The issue of stagnated wage growth has not eluded our market, with procuration fees effectively eroded by inflation over the past 10 years.
In order to cover our costs and provide a good and valuable service to our clients, we have little alternative but to charge a fee.
Were a transaction to fall through at no fault of their own, a broker wouldn’t get paid unless they charged a fee; I cannot think of many other business transactions that have a similar arrangement.
Being independent we apply a common-sense approach to fee pricing – for example, the work for an existing client product transfer is less than a new application, although the research element and advice process is the same. It would not be a fair if we charged the same amount for both.
We need our clients as much as they need us, so it is just for us to treat each other fairly. From experience, clients have little objection to being charged a reasonable fee for the work undertaken.
I started High Street Mortgages nearly two years ago and whether or not to charge fees was a hot topic.
Many people from within the industry and my network thought that I should be charging but I took the decision not to for two main reasons.
First, I was starting a business from scratch and I had to build a client bank quickly.

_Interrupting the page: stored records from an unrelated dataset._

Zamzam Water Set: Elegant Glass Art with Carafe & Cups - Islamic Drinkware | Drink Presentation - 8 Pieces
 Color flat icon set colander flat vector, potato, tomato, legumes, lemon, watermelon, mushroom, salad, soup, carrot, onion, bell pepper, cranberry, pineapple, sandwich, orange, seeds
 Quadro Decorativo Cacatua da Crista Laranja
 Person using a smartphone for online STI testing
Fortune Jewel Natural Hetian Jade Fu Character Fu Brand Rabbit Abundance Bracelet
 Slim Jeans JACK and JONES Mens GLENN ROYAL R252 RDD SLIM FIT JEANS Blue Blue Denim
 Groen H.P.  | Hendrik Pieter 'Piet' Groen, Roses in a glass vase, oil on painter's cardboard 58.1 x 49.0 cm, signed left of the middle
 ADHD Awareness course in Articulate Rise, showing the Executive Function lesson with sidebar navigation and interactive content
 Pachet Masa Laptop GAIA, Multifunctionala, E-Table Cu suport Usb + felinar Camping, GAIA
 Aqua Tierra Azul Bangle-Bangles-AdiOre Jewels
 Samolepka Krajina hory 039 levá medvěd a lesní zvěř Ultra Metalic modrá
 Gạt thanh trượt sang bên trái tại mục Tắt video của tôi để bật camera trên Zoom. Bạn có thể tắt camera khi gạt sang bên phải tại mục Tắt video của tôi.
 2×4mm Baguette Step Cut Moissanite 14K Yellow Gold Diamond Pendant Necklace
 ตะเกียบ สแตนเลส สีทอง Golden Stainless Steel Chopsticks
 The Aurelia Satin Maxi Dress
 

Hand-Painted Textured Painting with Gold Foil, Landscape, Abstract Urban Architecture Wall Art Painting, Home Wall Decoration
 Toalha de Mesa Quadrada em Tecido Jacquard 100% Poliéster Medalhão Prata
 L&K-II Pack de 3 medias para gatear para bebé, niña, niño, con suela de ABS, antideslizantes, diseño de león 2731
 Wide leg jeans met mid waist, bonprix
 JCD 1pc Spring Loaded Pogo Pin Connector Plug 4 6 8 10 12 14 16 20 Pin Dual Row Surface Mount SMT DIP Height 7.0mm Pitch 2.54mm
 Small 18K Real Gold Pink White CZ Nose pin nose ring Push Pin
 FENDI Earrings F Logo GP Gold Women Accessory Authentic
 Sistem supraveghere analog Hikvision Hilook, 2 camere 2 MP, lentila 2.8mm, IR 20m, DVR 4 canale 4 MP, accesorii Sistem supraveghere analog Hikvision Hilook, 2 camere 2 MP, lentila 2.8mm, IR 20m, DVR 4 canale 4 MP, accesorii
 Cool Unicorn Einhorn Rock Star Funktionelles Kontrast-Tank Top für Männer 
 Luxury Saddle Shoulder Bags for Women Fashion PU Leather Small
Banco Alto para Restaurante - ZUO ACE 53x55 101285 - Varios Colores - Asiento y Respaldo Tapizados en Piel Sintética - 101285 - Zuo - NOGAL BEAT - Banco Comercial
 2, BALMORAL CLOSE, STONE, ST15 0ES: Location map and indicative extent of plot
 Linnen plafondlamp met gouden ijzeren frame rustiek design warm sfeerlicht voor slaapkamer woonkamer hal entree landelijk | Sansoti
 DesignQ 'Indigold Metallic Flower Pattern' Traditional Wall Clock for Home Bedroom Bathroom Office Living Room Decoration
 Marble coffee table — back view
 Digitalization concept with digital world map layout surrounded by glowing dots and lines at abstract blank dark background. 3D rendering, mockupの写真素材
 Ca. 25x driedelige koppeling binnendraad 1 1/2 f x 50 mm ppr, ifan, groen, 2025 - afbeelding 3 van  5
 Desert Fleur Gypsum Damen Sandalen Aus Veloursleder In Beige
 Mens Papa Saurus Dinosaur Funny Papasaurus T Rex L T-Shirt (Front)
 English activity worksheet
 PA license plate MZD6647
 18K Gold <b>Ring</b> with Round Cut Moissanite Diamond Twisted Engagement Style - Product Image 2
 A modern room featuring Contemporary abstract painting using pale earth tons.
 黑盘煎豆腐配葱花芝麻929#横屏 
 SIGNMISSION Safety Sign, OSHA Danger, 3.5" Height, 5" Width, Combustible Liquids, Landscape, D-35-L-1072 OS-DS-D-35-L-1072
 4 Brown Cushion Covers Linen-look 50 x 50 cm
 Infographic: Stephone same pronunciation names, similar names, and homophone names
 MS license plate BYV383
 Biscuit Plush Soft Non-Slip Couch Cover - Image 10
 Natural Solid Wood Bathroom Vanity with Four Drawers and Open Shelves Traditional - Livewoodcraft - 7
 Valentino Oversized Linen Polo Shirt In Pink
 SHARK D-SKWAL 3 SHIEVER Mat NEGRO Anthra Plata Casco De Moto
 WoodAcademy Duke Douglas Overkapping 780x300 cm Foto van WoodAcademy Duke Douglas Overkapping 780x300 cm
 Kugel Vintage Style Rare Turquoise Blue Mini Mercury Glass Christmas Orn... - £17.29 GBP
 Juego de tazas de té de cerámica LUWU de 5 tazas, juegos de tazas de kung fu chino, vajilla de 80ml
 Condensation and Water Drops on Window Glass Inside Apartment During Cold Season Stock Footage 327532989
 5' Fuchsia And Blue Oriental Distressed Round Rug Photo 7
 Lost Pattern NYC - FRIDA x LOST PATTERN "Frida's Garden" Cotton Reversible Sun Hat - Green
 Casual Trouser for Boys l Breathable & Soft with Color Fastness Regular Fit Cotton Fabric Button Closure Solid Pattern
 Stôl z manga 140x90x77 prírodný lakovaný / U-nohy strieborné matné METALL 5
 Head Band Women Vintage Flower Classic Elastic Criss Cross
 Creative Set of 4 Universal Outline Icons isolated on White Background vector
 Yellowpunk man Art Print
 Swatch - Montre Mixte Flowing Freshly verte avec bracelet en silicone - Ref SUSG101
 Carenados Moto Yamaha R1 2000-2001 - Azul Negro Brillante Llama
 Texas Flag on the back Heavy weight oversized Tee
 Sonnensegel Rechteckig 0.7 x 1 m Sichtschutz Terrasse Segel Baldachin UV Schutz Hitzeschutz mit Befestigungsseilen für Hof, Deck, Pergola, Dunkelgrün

I networked all over the area and I tried all advertising mediums available to me.
It was important for me to be able to promote myself and advertise as a ‘no fee broker’ to stand out.
Second, my business model is such that I want to operate on a premise that once you talk to me, there is no reason to go anywhere else. I view charging a fee as a potential barrier to this.
Whether or not to charge fees is something that I will keep under review.
In the region that I operate, I believe that the procuration fees are enough to make a living on, especially now that an increasing number of lenders are paying product transfer proc fees.
Brokers can justify charging and should charge a fee.
I have charged a fee in some form for the best part of 20 years and I must be doing something right as practically 100% of my business is from existing clients and referrals.
I feel I provide a service which is second to none; if a client needs assistance in an evening or at a weekend I’ll make myself available.
My investment in all of this is my time and for that time I should be paid accordingly.
Yes, I receive a procuration fee from a lender but to me that is solely a fee to cover the work I do on behalf of that lender, not the work I do on behalf of my client.
Brokers nowadays still encounter numerous headwinds in dealing with applications.
If I am placing a £100,000 mortgage for a potential gross procuration fee of £350.00, I will not be left with too many pennies once I have covered all my overheads – so charging a client fee is imperative and right.
My clients appreciate the detailed advice they receive not just about the mortgage rate but also the wider picture, the fact I make myself available and go the extra mile, is why they return time and again, why they refer and why they are happy to pay a client fee.